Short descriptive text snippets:

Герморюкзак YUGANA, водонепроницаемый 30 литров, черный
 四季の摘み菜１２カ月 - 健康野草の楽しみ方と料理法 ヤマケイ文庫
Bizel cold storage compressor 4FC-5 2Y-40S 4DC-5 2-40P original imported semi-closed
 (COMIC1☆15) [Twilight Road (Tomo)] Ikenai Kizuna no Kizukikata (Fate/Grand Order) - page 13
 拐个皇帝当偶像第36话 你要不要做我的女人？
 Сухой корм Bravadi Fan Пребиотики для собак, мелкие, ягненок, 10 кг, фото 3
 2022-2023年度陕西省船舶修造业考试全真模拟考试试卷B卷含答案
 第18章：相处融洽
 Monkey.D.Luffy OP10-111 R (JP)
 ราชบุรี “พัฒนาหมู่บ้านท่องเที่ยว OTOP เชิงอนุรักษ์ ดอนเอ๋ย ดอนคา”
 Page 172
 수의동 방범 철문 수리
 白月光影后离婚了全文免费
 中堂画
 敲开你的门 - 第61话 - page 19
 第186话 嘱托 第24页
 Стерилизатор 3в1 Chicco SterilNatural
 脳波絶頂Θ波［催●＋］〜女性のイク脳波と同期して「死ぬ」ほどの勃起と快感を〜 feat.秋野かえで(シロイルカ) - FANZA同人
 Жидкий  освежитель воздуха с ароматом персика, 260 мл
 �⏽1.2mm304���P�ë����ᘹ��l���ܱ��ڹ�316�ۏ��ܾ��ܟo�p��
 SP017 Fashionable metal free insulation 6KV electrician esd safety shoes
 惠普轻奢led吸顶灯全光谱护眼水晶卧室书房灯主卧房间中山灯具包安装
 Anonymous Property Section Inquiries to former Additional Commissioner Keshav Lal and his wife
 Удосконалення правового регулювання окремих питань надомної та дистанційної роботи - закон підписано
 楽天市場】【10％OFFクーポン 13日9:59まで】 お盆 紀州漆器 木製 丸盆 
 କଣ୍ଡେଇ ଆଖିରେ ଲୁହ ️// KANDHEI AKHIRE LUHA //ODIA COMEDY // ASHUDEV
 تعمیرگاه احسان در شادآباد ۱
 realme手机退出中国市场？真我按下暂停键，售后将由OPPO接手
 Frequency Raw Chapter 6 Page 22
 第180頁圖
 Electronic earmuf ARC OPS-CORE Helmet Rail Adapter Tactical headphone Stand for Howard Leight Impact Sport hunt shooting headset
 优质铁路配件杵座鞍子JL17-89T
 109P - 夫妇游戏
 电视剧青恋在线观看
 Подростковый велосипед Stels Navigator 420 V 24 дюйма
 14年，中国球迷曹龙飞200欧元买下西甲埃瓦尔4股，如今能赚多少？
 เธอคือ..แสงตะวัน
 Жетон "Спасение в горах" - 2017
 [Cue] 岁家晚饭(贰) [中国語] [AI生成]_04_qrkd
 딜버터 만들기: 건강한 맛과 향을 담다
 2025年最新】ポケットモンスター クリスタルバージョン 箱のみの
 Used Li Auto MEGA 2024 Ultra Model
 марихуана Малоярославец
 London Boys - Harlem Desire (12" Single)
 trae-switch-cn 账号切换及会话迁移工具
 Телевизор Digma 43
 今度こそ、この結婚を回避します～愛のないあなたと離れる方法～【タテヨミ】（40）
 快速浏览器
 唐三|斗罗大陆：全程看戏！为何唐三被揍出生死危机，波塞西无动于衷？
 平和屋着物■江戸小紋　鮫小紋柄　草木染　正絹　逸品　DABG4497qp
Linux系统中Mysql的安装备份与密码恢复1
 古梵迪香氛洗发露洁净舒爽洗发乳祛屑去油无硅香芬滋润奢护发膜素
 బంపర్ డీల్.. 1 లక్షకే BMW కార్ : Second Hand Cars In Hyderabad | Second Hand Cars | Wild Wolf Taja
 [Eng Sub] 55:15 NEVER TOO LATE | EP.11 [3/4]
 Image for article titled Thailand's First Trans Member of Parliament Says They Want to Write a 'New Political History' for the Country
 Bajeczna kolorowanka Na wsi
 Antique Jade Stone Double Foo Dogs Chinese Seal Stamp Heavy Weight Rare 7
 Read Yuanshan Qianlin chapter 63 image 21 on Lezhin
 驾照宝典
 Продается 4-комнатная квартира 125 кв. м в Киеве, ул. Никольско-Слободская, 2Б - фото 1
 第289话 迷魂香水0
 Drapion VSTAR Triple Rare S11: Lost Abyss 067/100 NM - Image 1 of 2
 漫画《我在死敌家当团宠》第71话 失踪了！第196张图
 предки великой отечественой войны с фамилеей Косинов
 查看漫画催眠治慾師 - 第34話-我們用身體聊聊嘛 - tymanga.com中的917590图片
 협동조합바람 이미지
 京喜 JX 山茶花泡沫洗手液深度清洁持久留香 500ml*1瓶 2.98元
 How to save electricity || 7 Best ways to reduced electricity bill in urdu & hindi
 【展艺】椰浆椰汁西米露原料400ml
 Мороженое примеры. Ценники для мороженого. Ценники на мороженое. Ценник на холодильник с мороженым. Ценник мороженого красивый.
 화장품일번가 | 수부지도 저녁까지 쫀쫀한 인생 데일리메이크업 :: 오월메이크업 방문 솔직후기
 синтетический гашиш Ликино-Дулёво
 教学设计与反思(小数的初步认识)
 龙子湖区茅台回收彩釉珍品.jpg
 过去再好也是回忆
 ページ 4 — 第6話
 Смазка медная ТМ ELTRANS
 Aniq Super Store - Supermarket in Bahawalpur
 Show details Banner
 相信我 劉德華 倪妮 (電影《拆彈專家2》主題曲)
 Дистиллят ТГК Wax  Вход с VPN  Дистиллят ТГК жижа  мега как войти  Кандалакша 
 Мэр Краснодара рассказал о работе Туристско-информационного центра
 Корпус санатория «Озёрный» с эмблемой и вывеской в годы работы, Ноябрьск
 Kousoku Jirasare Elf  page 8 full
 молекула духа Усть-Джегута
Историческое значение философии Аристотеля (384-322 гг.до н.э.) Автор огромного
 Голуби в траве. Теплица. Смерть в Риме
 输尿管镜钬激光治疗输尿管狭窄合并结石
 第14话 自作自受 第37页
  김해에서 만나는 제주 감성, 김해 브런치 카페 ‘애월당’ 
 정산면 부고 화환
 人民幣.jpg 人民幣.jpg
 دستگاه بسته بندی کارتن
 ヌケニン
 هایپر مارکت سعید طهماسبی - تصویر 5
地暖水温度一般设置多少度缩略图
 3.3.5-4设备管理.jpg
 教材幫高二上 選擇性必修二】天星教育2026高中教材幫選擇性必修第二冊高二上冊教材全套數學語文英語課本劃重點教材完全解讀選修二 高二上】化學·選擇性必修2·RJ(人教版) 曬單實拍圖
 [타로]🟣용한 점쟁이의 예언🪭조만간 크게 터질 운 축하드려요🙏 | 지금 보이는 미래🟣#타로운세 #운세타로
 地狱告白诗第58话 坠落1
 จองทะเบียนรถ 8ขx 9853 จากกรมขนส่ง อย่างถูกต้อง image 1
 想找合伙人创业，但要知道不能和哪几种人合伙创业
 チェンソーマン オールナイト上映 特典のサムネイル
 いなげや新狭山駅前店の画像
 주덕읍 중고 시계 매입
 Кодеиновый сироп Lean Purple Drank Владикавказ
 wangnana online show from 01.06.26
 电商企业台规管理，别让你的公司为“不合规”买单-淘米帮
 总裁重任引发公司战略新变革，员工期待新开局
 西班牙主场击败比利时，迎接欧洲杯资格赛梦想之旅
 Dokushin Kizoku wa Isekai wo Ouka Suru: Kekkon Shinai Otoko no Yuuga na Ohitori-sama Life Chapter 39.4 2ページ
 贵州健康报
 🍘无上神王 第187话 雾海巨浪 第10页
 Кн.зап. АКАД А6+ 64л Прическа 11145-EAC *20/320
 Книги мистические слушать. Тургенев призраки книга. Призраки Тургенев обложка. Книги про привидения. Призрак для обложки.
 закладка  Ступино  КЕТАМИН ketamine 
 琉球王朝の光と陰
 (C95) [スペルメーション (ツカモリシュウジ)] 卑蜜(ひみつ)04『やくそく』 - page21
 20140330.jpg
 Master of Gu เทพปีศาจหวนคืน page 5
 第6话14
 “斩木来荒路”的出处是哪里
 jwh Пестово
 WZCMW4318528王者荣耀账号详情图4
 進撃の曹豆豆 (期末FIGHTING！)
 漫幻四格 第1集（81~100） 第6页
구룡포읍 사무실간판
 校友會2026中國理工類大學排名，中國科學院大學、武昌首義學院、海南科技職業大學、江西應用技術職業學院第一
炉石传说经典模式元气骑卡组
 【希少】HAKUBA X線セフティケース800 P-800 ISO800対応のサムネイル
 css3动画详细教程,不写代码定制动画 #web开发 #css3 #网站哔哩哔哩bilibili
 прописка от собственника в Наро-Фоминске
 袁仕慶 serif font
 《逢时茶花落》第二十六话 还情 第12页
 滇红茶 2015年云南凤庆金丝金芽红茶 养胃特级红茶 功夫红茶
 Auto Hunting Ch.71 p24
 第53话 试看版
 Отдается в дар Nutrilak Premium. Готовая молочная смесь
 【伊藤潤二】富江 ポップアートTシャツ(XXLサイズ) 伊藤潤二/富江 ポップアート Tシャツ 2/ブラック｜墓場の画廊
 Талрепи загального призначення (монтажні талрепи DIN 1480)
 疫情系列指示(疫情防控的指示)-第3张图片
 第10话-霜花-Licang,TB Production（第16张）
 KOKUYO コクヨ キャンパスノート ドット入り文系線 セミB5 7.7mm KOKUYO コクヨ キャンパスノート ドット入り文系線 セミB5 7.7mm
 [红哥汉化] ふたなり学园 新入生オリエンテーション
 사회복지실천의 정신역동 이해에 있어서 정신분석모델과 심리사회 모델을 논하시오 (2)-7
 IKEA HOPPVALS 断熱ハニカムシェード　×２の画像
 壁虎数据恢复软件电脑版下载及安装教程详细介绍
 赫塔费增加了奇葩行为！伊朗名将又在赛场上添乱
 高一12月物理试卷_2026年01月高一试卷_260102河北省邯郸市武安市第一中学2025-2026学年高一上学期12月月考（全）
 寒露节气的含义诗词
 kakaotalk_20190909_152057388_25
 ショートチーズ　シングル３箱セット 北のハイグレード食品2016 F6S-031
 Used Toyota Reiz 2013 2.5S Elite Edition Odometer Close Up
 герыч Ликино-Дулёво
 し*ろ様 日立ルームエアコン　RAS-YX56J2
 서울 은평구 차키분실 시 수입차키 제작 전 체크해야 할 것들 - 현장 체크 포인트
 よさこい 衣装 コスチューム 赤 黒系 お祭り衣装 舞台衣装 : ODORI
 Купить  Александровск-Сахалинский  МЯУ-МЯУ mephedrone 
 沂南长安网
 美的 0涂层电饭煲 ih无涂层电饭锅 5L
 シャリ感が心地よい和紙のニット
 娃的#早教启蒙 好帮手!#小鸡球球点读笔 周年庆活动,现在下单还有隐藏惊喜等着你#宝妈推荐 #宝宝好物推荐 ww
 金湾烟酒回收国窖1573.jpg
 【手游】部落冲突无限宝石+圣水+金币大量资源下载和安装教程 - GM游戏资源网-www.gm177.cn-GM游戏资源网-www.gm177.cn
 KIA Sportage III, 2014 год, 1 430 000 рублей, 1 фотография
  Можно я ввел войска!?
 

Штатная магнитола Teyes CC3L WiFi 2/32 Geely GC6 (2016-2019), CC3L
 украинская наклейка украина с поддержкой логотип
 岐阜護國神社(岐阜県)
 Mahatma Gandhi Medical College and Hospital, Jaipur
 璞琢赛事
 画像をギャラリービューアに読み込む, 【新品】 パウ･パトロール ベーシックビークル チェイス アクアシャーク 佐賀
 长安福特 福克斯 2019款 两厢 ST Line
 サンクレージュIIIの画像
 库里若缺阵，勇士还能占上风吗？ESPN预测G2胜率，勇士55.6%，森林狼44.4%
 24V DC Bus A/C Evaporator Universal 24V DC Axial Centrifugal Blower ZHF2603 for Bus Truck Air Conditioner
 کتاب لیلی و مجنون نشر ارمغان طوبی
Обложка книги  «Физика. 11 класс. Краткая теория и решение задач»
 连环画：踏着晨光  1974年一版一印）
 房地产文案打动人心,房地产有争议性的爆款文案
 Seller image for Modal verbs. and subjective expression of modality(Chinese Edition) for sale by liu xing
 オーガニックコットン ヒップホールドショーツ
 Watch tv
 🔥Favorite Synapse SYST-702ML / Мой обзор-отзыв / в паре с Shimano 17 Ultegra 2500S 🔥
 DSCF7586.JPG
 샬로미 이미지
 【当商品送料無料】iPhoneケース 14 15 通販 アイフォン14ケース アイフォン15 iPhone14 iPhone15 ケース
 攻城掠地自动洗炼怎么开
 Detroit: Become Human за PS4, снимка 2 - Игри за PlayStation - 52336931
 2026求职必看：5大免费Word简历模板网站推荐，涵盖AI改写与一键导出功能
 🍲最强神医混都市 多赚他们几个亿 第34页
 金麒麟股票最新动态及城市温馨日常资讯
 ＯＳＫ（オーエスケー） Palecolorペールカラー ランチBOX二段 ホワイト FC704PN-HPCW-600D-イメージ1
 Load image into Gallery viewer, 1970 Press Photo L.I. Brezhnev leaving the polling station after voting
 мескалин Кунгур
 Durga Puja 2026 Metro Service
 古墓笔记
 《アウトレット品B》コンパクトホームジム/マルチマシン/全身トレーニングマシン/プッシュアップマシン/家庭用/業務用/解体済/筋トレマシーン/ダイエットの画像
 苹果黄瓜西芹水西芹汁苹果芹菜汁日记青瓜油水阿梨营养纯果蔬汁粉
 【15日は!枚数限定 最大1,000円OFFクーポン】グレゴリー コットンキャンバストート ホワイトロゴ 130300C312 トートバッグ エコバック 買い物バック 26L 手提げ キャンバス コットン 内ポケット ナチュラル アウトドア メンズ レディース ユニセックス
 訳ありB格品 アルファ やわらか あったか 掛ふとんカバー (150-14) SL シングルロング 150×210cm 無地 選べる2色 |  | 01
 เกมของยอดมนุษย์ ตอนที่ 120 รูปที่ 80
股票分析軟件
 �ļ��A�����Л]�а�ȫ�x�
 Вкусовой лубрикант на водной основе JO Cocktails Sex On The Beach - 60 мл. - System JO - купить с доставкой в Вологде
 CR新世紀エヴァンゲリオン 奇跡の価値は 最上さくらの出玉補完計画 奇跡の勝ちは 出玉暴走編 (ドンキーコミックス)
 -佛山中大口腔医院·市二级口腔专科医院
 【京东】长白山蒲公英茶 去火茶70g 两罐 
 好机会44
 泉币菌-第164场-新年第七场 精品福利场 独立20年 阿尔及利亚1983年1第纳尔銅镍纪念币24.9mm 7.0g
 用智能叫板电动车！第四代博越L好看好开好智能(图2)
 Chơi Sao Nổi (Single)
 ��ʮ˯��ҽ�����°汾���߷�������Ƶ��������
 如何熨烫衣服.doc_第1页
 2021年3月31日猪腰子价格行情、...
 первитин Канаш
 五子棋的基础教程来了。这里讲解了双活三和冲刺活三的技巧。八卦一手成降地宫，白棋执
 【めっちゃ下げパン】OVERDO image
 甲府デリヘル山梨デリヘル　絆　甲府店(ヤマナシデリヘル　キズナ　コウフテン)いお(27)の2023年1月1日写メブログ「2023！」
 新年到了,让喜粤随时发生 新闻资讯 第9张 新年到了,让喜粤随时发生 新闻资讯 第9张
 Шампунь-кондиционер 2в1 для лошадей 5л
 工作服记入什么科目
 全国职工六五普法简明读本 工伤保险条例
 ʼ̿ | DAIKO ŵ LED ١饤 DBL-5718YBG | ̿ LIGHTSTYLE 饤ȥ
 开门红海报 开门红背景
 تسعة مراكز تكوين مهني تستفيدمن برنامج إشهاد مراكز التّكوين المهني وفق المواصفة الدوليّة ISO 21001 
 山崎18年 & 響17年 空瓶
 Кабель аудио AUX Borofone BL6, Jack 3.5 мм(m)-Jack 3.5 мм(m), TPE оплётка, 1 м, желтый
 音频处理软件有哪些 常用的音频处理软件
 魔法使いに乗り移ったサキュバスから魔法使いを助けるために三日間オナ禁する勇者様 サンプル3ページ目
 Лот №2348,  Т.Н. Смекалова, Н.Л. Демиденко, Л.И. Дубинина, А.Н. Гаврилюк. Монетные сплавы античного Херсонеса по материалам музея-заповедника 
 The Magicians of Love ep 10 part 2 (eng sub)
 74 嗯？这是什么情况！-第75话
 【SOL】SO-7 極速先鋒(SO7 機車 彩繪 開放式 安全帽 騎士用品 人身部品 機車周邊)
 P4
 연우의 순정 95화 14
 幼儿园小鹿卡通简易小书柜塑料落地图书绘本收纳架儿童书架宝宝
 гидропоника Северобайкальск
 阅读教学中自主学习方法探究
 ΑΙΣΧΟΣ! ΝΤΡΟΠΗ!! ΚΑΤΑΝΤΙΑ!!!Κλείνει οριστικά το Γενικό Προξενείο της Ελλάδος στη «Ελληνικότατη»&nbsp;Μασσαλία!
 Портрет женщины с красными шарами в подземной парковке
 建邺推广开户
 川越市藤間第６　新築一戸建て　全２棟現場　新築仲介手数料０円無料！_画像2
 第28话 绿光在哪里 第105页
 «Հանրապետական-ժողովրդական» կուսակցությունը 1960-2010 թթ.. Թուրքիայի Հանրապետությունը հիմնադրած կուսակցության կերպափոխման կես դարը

> Exercise aim:
Output each line of the records above exactly, beginning at the first, and stop once the line containing "平和屋着物■江戸小紋　鮫小紋柄　草木染　正絹　逸品　DABG4497qp" has been output.

> Response to this exercise:
Герморюкзак YUGANA, водонепроницаемый 30 литров, черный
 四季の摘み菜１２カ月 - 健康野草の楽しみ方と料理法 ヤマケイ文庫
Bizel cold storage compressor 4FC-5 2Y-40S 4DC-5 2-40P original imported semi-closed
 (COMIC1☆15) [Twilight Road (Tomo)] Ikenai Kizuna no Kizukikata (Fate/Grand Order) - page 13
 拐个皇帝当偶像第36话 你要不要做我的女人？
 Сухой корм Bravadi Fan Пребиотики для собак, мелкие, ягненок, 10 кг, фото 3
 2022-2023年度陕西省船舶修造业考试全真模拟考试试卷B卷含答案
 第18章：相处融洽
 Monkey.D.Luffy OP10-111 R (JP)
 ราชบุรี “พัฒนาหมู่บ้านท่องเที่ยว OTOP เชิงอนุรักษ์ ดอนเอ๋ย ดอนคา”
 Page 172
 수의동 방범 철문 수리
 白月光影后离婚了全文免费
 中堂画
 敲开你的门 - 第61话 - page 19
 第186话 嘱托 第24页
 Стерилизатор 3в1 Chicco SterilNatural
 脳波絶頂Θ波［催●＋］〜女性のイク脳波と同期して「死ぬ」ほどの勃起と快感を〜 feat.秋野かえで(シロイルカ) - FANZA同人
 Жидкий  освежитель воздуха с ароматом персика, 260 мл
 �⏽1.2mm304���P�ë����ᘹ��l���ܱ��ڹ�316�ۏ��ܾ��ܟo�p��
 SP017 Fashionable metal free insulation 6KV electrician esd safety shoes
 惠普轻奢led吸顶灯全光谱护眼水晶卧室书房灯主卧房间中山灯具包安装
 Anonymous Property Section Inquiries to former Additional Commissioner Keshav Lal and his wife
 Удосконалення правового регулювання окремих питань надомної та дистанційної роботи - закон підписано
 楽天市場】【10％OFFクーポン 13日9:59まで】 お盆 紀州漆器 木製 丸盆 
 କଣ୍ଡେଇ ଆଖିରେ ଲୁହ ️// KANDHEI AKHIRE LUHA //ODIA COMEDY // ASHUDEV
 تعمیرگاه احسان در شادآباد ۱
 realme手机退出中国市场？真我按下暂停键，售后将由OPPO接手
 Frequency Raw Chapter 6 Page 22
 第180頁圖
 Electronic earmuf ARC OPS-CORE Helmet Rail Adapter Tactical headphone Stand for Howard Leight Impact Sport hunt shooting headset
 优质铁路配件杵座鞍子JL17-89T
 109P - 夫妇游戏
 电视剧青恋在线观看
 Подростковый велосипед Stels Navigator 420 V 24 дюйма
 14年，中国球迷曹龙飞200欧元买下西甲埃瓦尔4股，如今能赚多少？
 เธอคือ..แสงตะวัน
 Жетон "Спасение в горах" - 2017
 [Cue] 岁家晚饭(贰) [中国語] [AI生成]_04_qrkd
 딜버터 만들기: 건강한 맛과 향을 담다
 2025年最新】ポケットモンスター クリスタルバージョン 箱のみの
 Used Li Auto MEGA 2024 Ultra Model
 марихуана Малоярославец
 London Boys - Harlem Desire (12" Single)
 trae-switch-cn 账号切换及会话迁移工具
 Телевизор Digma 43
 今度こそ、この結婚を回避します～愛のないあなたと離れる方法～【タテヨミ】（40）
 快速浏览器
 唐三|斗罗大陆：全程看戏！为何唐三被揍出生死危机，波塞西无动于衷？
 平和屋着物■江戸小紋　鮫小紋柄　草木染　正絹　逸品　DABG4497qp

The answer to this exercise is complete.